**Exercise description**
From the first line down to the one containing "And then later", reproduce the entries below exactly and leave out the pictures.
════
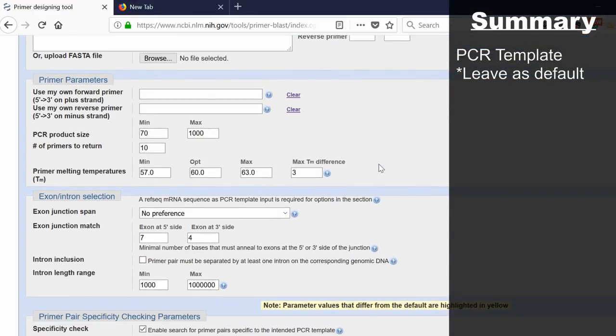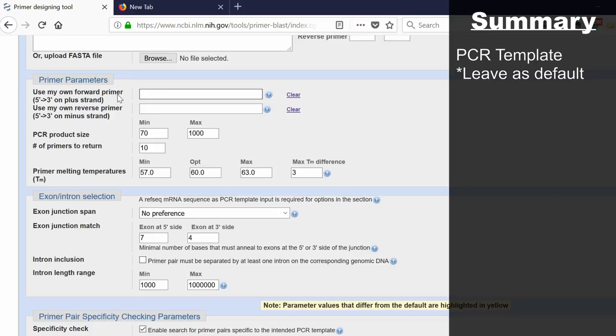Next is the primer parameters. At the top, you can use your own forward and reverse primer. If you inputted your own sequence of primer here, it will find this for you on the results. But because we're designing new primers, we want to leave these blank.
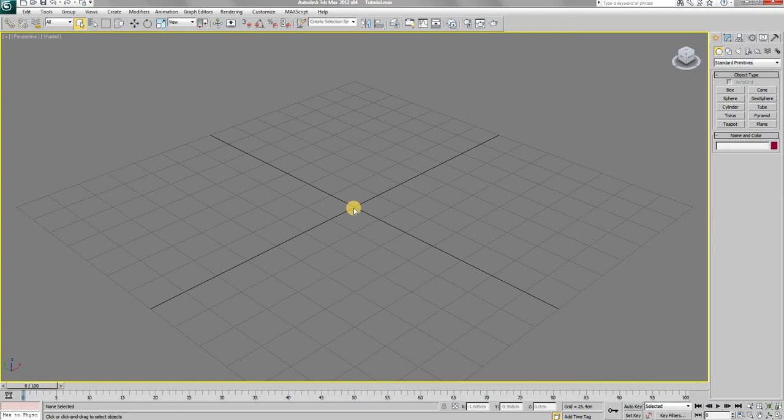Hello and welcome to another tutorial. Today, I'll show you how to create a Cuban chain in 3ds Max.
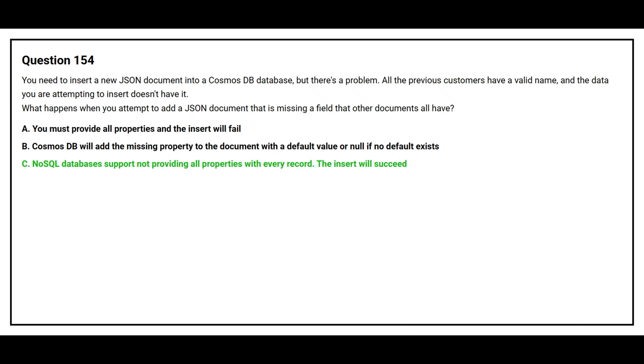The correct answer is option C. NoSQL databases support not providing all properties with every record. The insert will succeed.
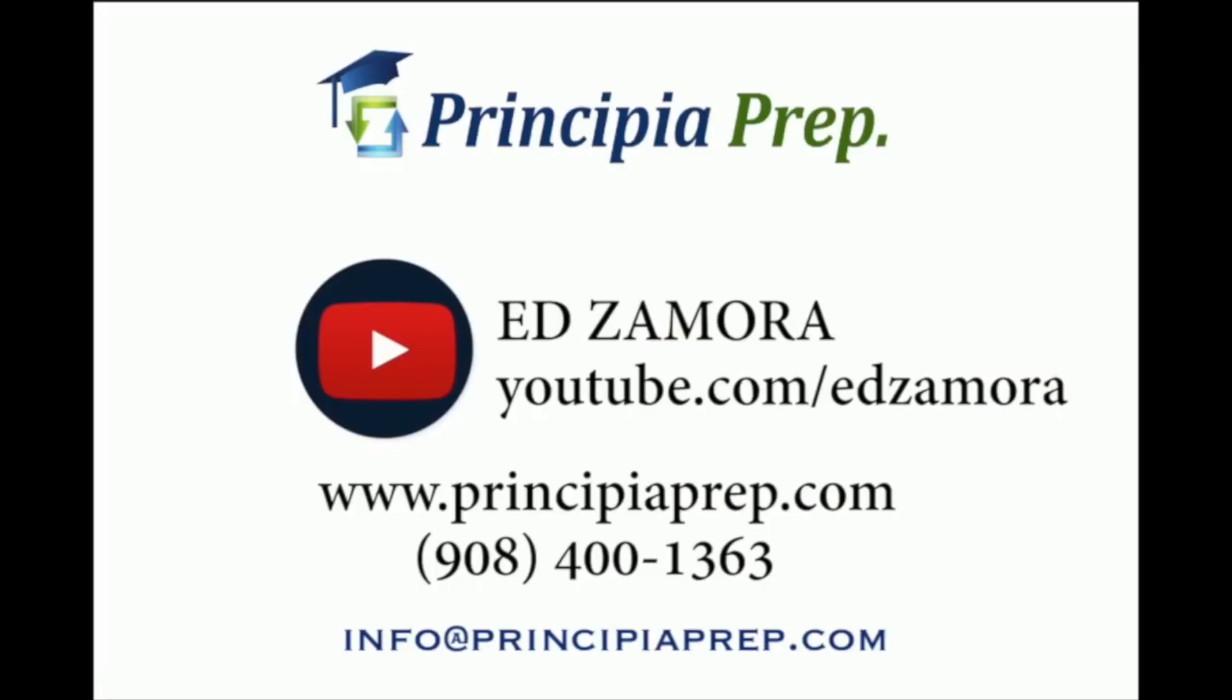On the screen now is our contact information if you have questions, if you have concerns, if you need help with the financial aid process or if you need help with the admissions process. We help out with all of it. Just shoot us over an email, it's the easiest way to reach us. You can call us but it's difficult to reach us during October, November months mainly because we're helping out families with the financial aid forms. But the easiest way once again to reach us if you're watching the video is to email us. Other than that, thank you guys for watching today's video. Once again my name is Ed Zamora from Principia Prep.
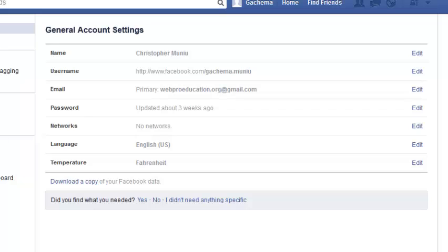Remember to choose a valid name or a name that you can cope with for 60 days, because Facebook will not allow you to change your name more than once within a period of 60 days.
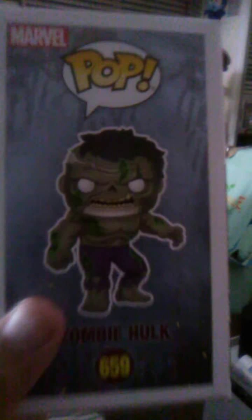Marvel zombie. I can't see, it's blurry. It's the Hulk.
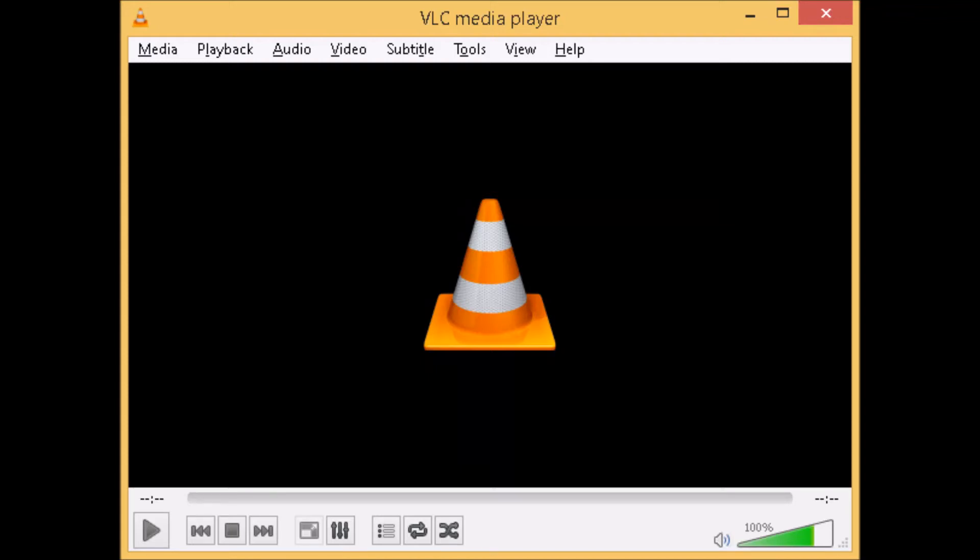All right guys, let's talk a little bit about VLC media player today. I got a question from a friend asking if VLC media player is accessible and I want to share a couple things that you can actually do to make it work.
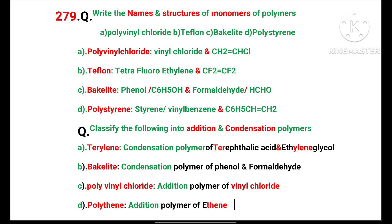The name itself indicates vinyl chloride, and the structure is CH2 double bond CHCl. Teflon: the monomer is tetrafluoroethylene. Its structure is CF2 double bond CF2, a derivative of ethylene.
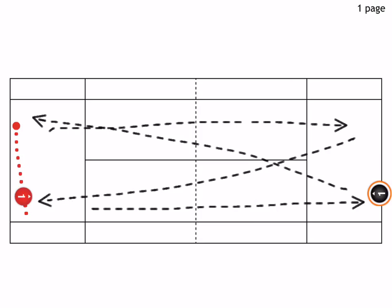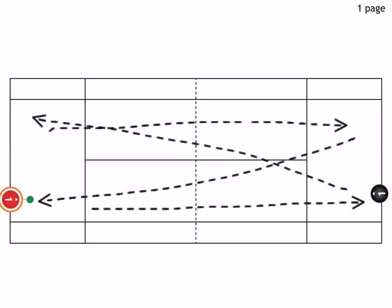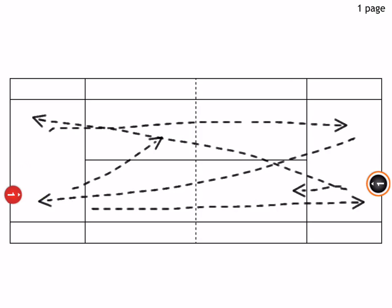And then later on you want to switch, so you're going to have the red player only hit cross court, and the black player only hits it down the line.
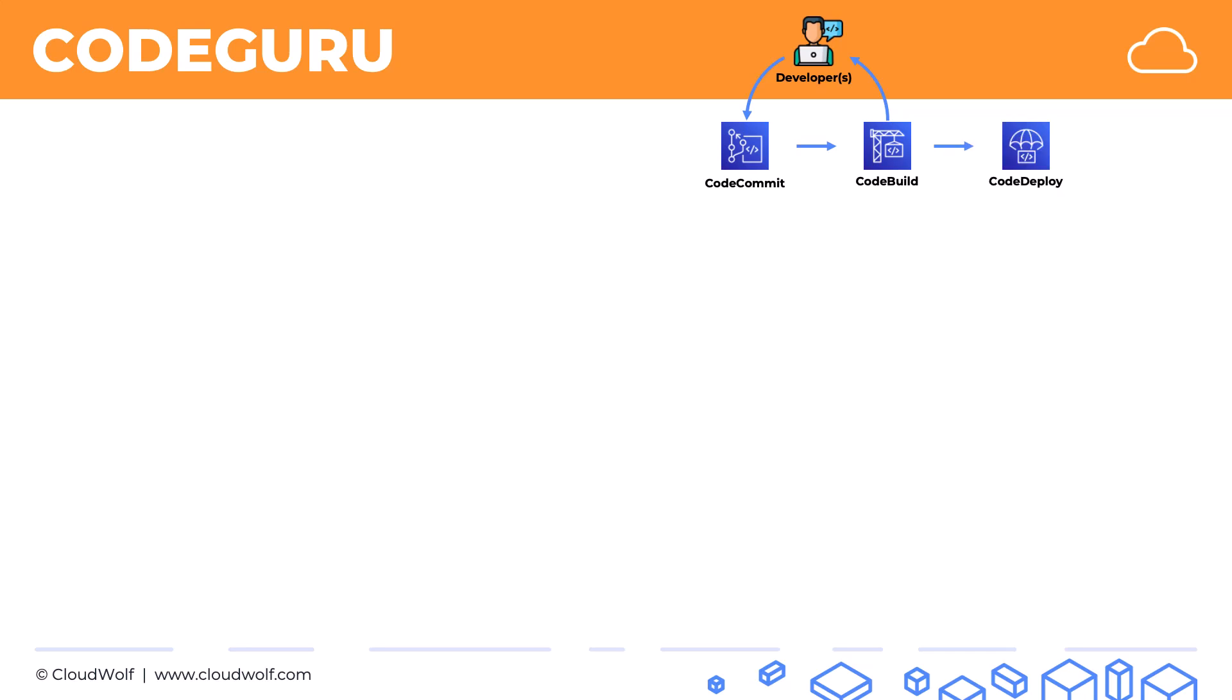Then we've got CodeDeploy and it is deployed to, for example, EC2 or other destinations. And all of this is called CodePipeline which orchestrates this CICD or Continuous Integration and Continuous Delivery or Deployment process. So that's our CodePipeline.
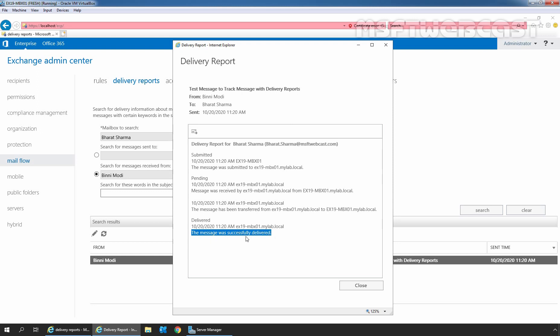The message was successfully delivered from our user, Bindi Modi to Bharat Sarma. At the top, we can see the information about the subject, the user from whom the message was sent and to whom the message was initially sent. We can also see the timestamp when the message was originally sent.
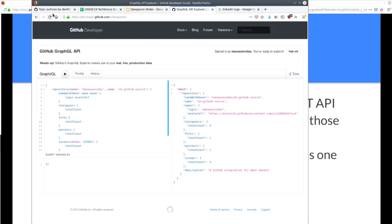The best thing about the Explorer is that you can easily predict what your next node or edge will be by simply pressing Ctrl+Space. That's the best part about GitHub GraphQL API version 4.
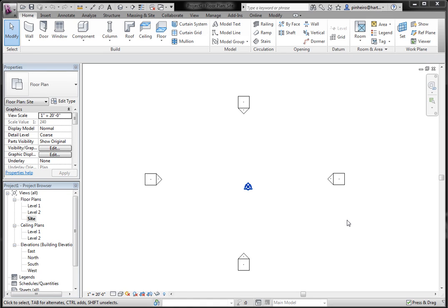Hey guys, welcome to TheRevitKid.com. Today I'm going to show you a quick tip using an RS client someone created for creating topo surfaces.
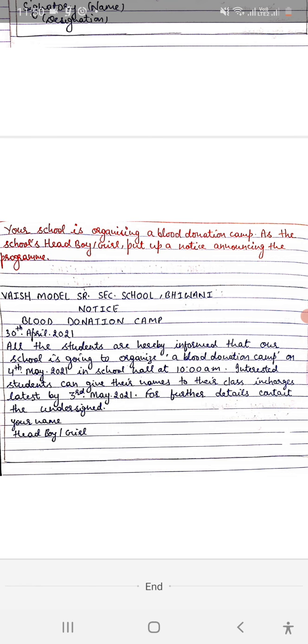You can see here, blood donation camp. Put it in single inverted commas. Our school is organizing a blood donation camp. Then the date - 4th of May 2021. Then you can see the place - in school playground, in school hall, or in school auditorium.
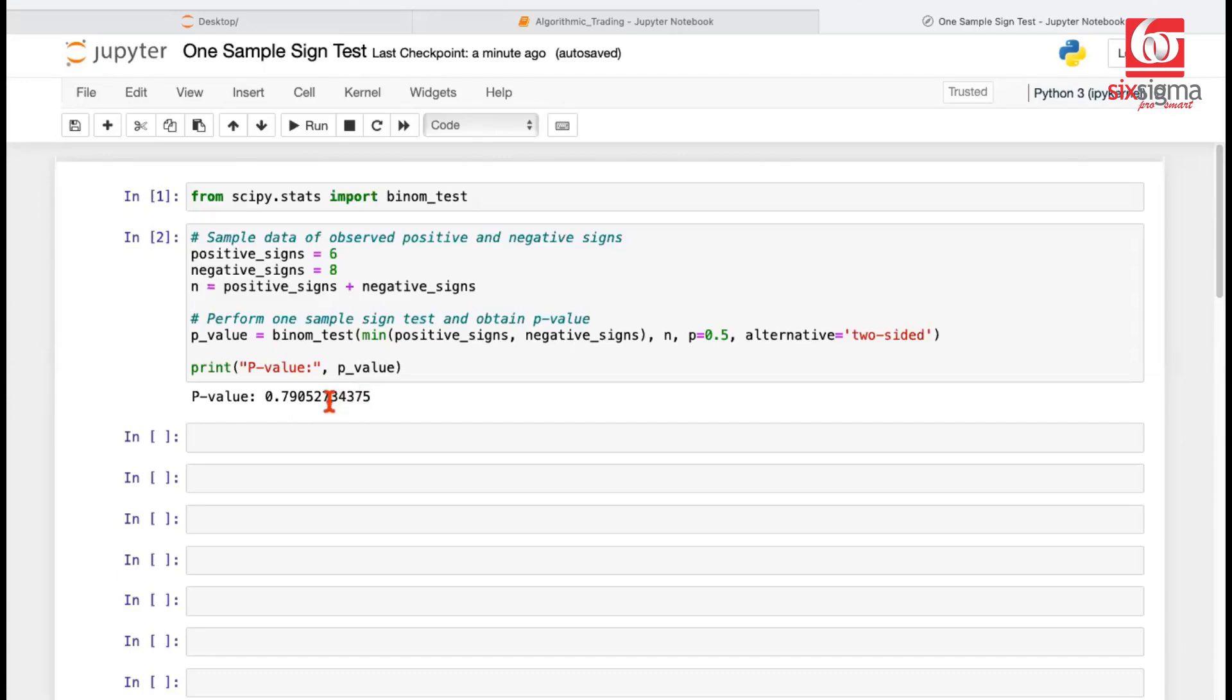So this is the answer. And this is, of course, greater than 0.05. So we fail to reject the null hypothesis. Whichever tool we use, as long as the concepts are clear, you'll get the exact same answer. Hope this helps you understand the one-sample sign test. It's time for me to sign off now. Thank you.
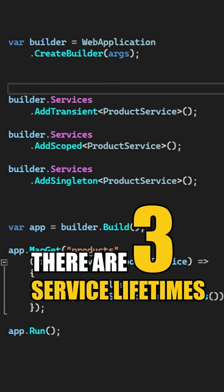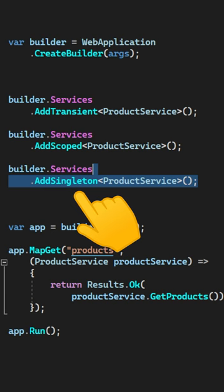There are three service lifetimes in ASP.NET Core: Transient, Scoped, and Singleton.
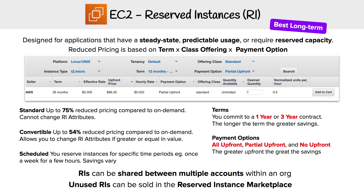If you need a bit more flexibility — maybe you need more room to grow in the future — you'd look at Convertible. The savings aren't as great; we're looking at up to 54%. But you have the ability to change your instance type to a larger size. You can't go smaller, but you can always go larger, so you do have some flexibility there.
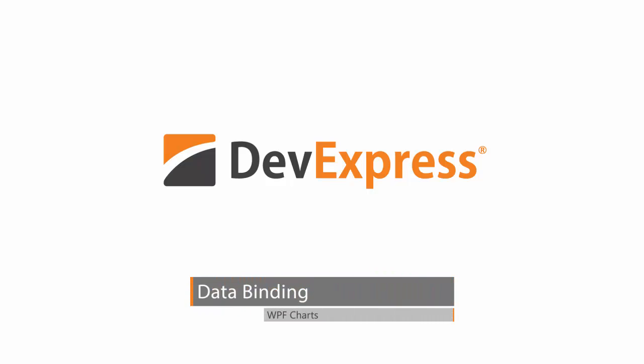In this video, you'll learn how to bind our WPF ChartControl to the Microsoft Access database.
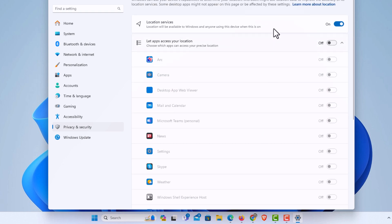But the main feature is right up top here, location services. That is how to enable or disable location services in Windows 11. Thanks for watching.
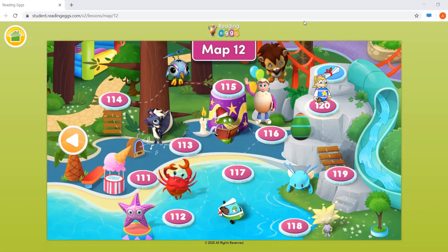Something that we also get asked a lot is how to navigate back to your family dashboard if your child is within Reading Eggs itself. We know that can be a bit confusing, so we just wanted to demonstrate that for you.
════
**Finished task**
Next is the primer parameters. At the top, you can use your own forward and reverse primer. If you inputted your own sequence of primer here, it will find this for you on the results. But because we're designing new primers, we want to leave these blank.
Hello and welcome to another tutorial. Today, I'll show you how to create a Cuban chain in 3ds Max.
The correct answer is option C. NoSQL databases support not providing all properties with every record. The insert will succeed.
On the screen now is our contact information if you have questions, if you have concerns, if you need help with the financial aid process or if you need help with the admissions process. We help out with all of it. Just shoot us over an email, it's the easiest way to reach us. You can call us but it's difficult to reach us during October, November months mainly because we're helping out families with the financial aid forms. But the easiest way once again to reach us if you're watching the video is to email us. Other than that, thank you guys for watching today's video. Once again my name is Ed Zamora from Principia Prep.
Remember to choose a valid name or a name that you can cope with for 60 days, because Facebook will not allow you to change your name more than once within a period of 60 days.
Marvel zombie. I can't see, it's blurry. It's the Hulk.
All right guys, let's talk a little bit about VLC media player today. I got a question from a friend asking if VLC media player is accessible and I want to share a couple things that you can actually do to make it work.
The name itself indicates vinyl chloride, and the structure is CH2 double bond CHCl. Teflon: the monomer is tetrafluoroethylene. Its structure is CF2 double bond CF2, a derivative of ethylene.
And then later on you want to switch, so you're going to have the red player only hit cross court, and the black player only hits it down the line.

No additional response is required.